Our paper, "An HEVC-Compliant Fast Screen Content Transcoding Framework Based on Mode Mapping", has been accepted by the IEEE Trans. Circuits and Systems for Video Technology. Given the observations that HEVC compliant hardware decoders (but not SCC) are getting popular in recent mobile platforms, and screen content coding (SCC) indeed bings the significant bit rate reduction (50%) at the same quality for screen applications, we had proposed this solution to fast and accurately map the SCC coding mode to a HEVC compliant mode, with a large amount complexity reduction at a negligible performance sacrifice. This work can be implemented at edges for emerging screen applications, such as collaborative screen sharing, cloud gaming, etc.
Abstract:
This paper presents a novel fast transcoding framework to efficiently bridge the state-of-art High Efficiency
Video Coding (HEVC) standard and its Screen Content Coding (SCC) extension to support the bitstream compatibility over the legacy HEVC devices. By exploiting the side information from the SCC bitstream, fast mode and partition decisions are made to accurately translate the novel SCC modes to conventional HEVC modes based on statistical mode mapping techniques.
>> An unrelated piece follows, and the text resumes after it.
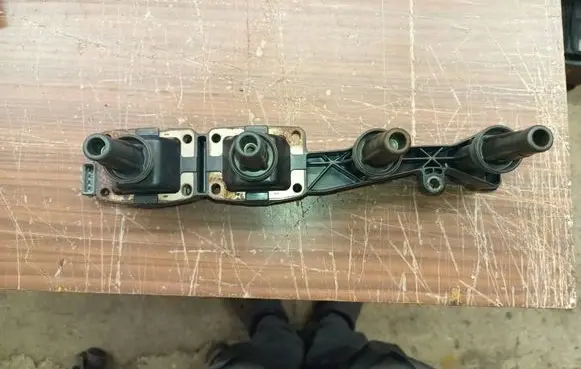 High voltage ignition coil
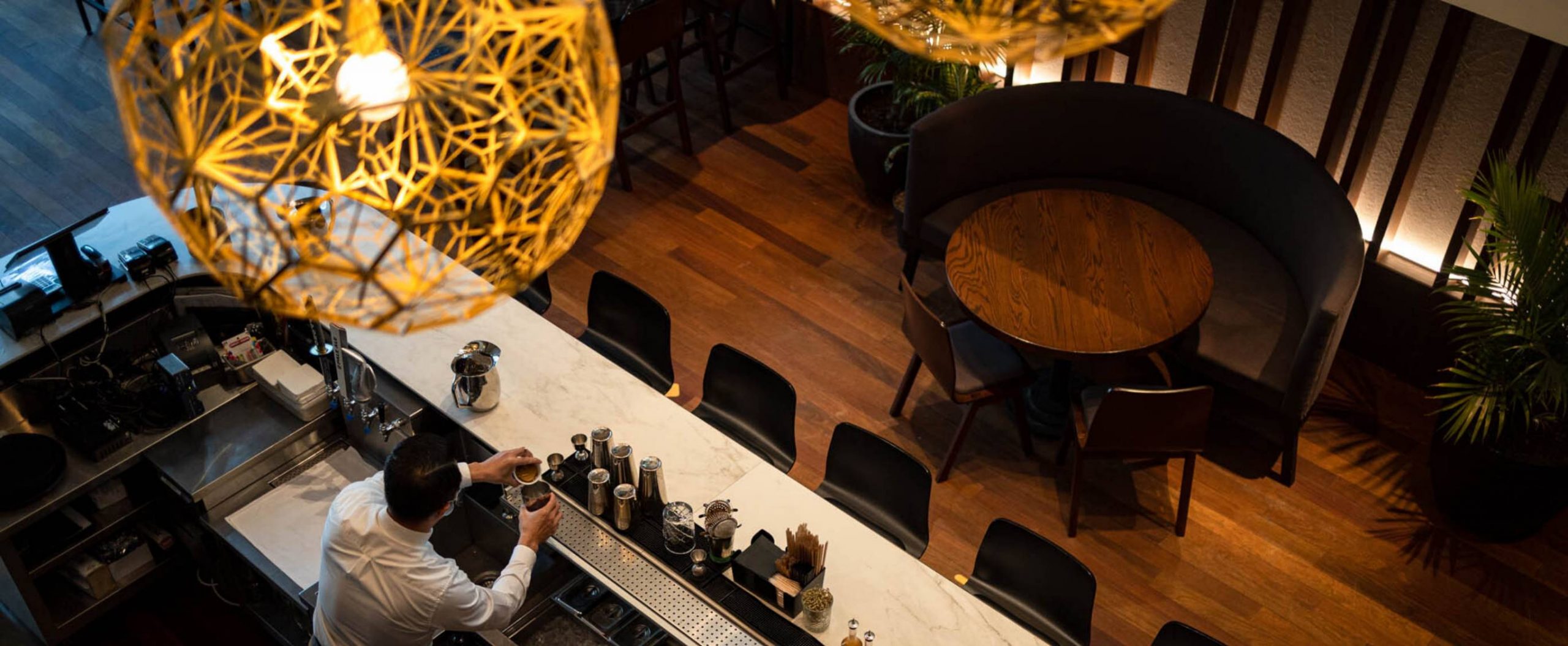 salle-manger-bar-siam.jpg Bar et salle à manger vus de haut au restaurant Siam à Saint-Jean-sur-Richelieu.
Compared with the “Full-Decoding-Full-Encoding” (FDFE) solution, the proposed framework achieves on average 51% and 82% complexity reductions with 0.57% Bjøntegaard-Delta Rate (BD-Rate) loss and 9.74% BD-Rate gain under All-Intra (AI) and Low-Delay (LD) configurations, respectively. Compared with the direct transcoding reusing Intra mode and Inter motion, the proposed mode mapping framework introduces additional 23% and 6% complexity reductions for AI and LD encoding configurations with 0.43% BD-Rate loss and 1.10% BD-Rate saving, respectively. The proposed solution is extended to support the Single-Input-Multiple-Output (SIMO) screen content adaptive streaming at the edge clouds, where a SCC bitstream coded in high quality is transcoded into multiple HEVC bitstreams in reduced qualities. Our proposed solution achieves on average 49% and 76% complexity reductions with 0.78% BD-Rate loss and 7.40% BD-Rate gain under AI and LD configurations, respectively.